Are you dogmatic about them _all_ appearing below?  Or might it be ok  
if a Citation that has substantially better term matching than another  
type of object appear ahead in the results?

> I've read the various pages on boosting, but since I'm not actively  
> searching on the field that I want to put a boost value on, I'm not  
> sure how to go about this.

How this is done is dependent on the query parser.  You're using the  
Lucene query parser.  Something like this might work for you:

     http://localhost:8983/solr/select?q=ipod%20%20OR%20%28ipod%20-manu:Belkin%29 
^5&debugQuery=true

unurlencoded, that is q=ipod  OR (ipod -manu:Belkin)^5, where the  
users query is repeated in a second clause that boosts up all  
documents that are not of a particular manufacturer using the example  
docs that Solr ships with.

Be sure to use debugQuery=true to look at the score explanations (try  
looking at the output in the wt=ruby&indent=on format for best  
readability).

Additionally...


>
> Thanks for any hints.
>
> Paul Rosen wrote:
>> Hi,
>> I'm using solr-ruby-0.0.8 and solr 1.4.
>> My data contains a faceted field called "genre". We would like one  
>> particular genre, (the one named "Citation") to show up last in the  
>> results.
>> I'm having trouble figuring out how to add the boost parameter to  
>> the solr-ruby call. Here is my code:
>> req = Solr::Request::Standard.new(:start => start,
>>  :rows => max,
>>  :sort => sort_param,
>>  :query => query,
>>  :filter_queries => filter_queries,
>>  :field_list => @field_list,
>>  :facets => {:fields => @facet_fields,
>>    :mincount => 1,
>>    :missing => true,
>>    :limit => -1},
>>  :highlighting => {:field_list => ['text'],
>>    :fragment_size => 600},
>>    :shards => @cores)
>> response = @solr.send(req)
>> Do I just format it inside my query, like this:
>> query = query + "AND genre:Citation^.01"
>> or in filter_query, like this:
>> filter_queries.push("genre:Citation^.01")
>> or is there a hash parameter that I set?

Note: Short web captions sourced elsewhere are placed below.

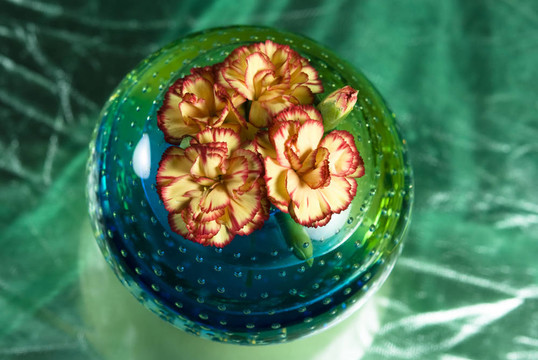 Pink Flowers在一個(gè)花瓶里
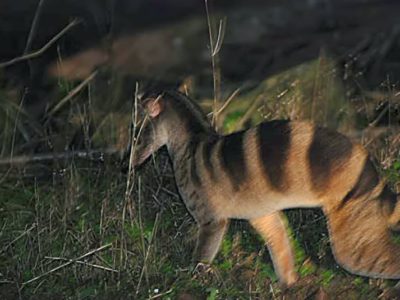 Banded Palm Civet Picture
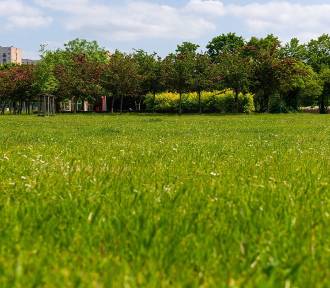 Poznań ogranicza koszenie traw w przestrzeni miejskiej. Wprowadzono strefowanie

filter queries (fq) do not contribute to the score, so boosting them  
makes no score difference at all.

>> (Note that the user can select Citation explicitly. I'll probably  
>> special case that.)
>> I've tried variations of the above, but I've had no luck so far.
>> Thanks,
>> Paul
>

	Erik



Re: de-boosting certain facets during search

Posted by Paul Rosen <pa...@performantsoftware.com>.
I'm still going around in a circle on this. I'm not sure why it's not 
sinking in...

If I could just create the desired URL, I can probably work backwards 
and construct the correct ruby call.

Here is the URL that I'm currently creating (I've added newlines here 
for readability):

http://localhost:8983/solr/resources/select?hl.fragsize=600
&hl=true
&facet.field=genre
&facet.field=archive
&facet.limit=-1
&qt=standard
&start=0
&fq=archive%3A%22blake%22
&hl.fl=text
&fl=uri%2Carchive%2Cdate_label%2Cgenre
&facet=true
&q=%28history%29
&rows=60
&facet.missing=true
&facet.mincount=1

What this search returns from my index is 53 hits. The first 43 contain 
the genre field value "Citation" and the last 10 do not (they contain 
other values in that field.)

Note: the genre field is multivalued, if that matters.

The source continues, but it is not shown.